23
\$\begingroup\$

This article shows that DDR4 SDRAM has approximately 8x more bandwidth DDR1 SDRAM. But the time from setting the column address to when the data is available has only decreased by 10% (13.5ns). A quick search shows that the access time of the fastest async. SRAM (18 years old) is 7ns. Why has SDRAM access time decreased so slowly? Is the reason economic, technological, or fundamental?

\$\endgroup\$
4
  • 1
    \$\begingroup\$ Could another possible reason be that it simply isn’t that necessary? \$\endgroup\$ Commented Feb 20, 2019 at 6:08
  • \$\begingroup\$ For example low access time is necessary to make search a data in the memory more faster. \$\endgroup\$
    – Arseniy
    Commented Feb 20, 2019 at 7:16
  • \$\begingroup\$ I realize that, extra speed is always nice, but coming from a software developer perspective, perhaps compared to all other IO and architecture (including microservices that can literally run on different data centers), RAM speed just isn't that much of a bottleneck anymore. Sometimes 'good enough' is good, or at least doesn't warrant the extra R&D into speeding it up. I would consider adding that as a potential reason in your question too. \$\endgroup\$ Commented Feb 20, 2019 at 7:21
  • 1
    \$\begingroup\$ According to Wikipedia DDR3-2200 has a First Word latency of 6.36 ns, that is how long it takes a signal to propagate around 3ft on FR4, I would say we are pretty close to the physical limits \$\endgroup\$
    – Mark Omo
    Commented Feb 20, 2019 at 21:23

3 Answers 3

34
\$\begingroup\$

It's because it's easier and cheaper to increase the bandwidth of the DRAM than to decrease the latency. To get the data from an open row of ram, a non trivial amount of work is necessary.

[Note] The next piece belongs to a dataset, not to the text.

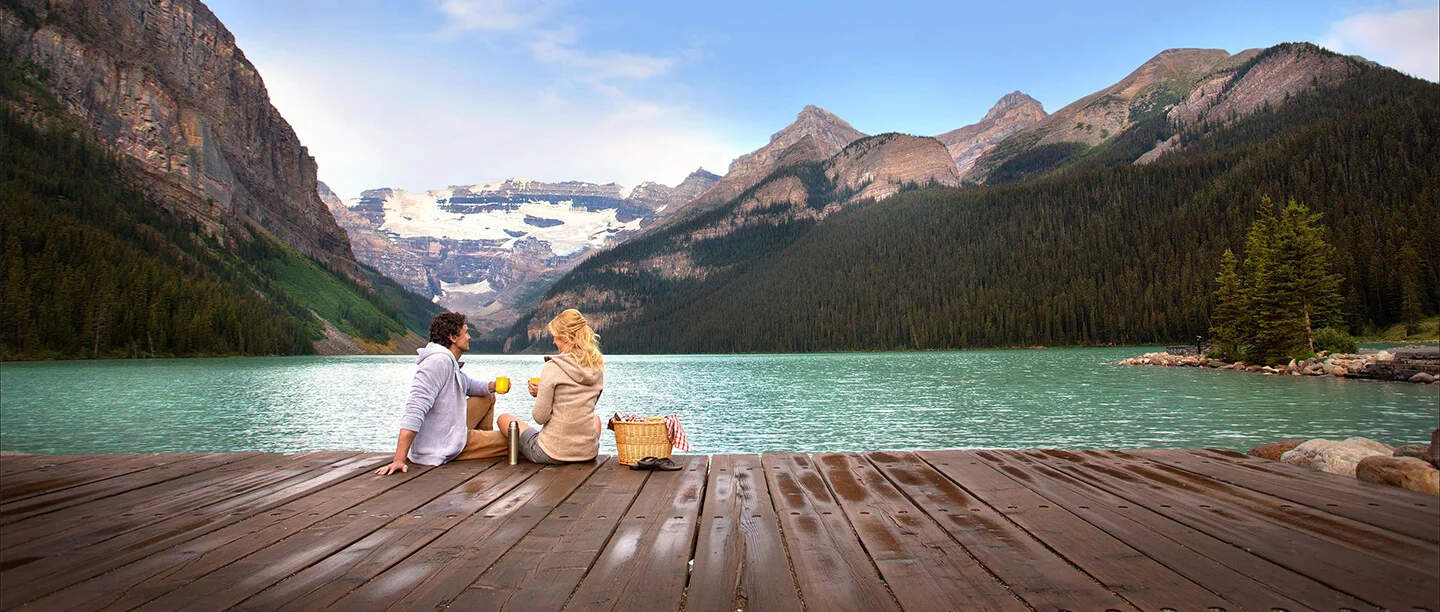 A couple is enjoying the beautiful scene of Lake-Louise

The column address needs to be decoded, the muxes selecting which lines to access need to be driven, and the data needs to move across the chip to the output buffers. This takes a little bit of time, especially given that the SDRAM chips are manufactured on a process tailored to high ram densities and not high logic speeds. To increase the bandwidth say by using DDR(1,2,3 or 4), most of the logic can be either widened or pipelined, and can operate at the same speed as in the previous generation. The only thing that needs to be faster is the I/O driver for the DDR pins.

By contrast, to decrease the latency the entire operation needs to be sped up, which is much harder. Most likely, parts of the ram would need to be made on a process similar to that for high speed CPUs, increasing the cost substantially (the high speed process is more expensive, plus each chip needs to go through 2 different processes).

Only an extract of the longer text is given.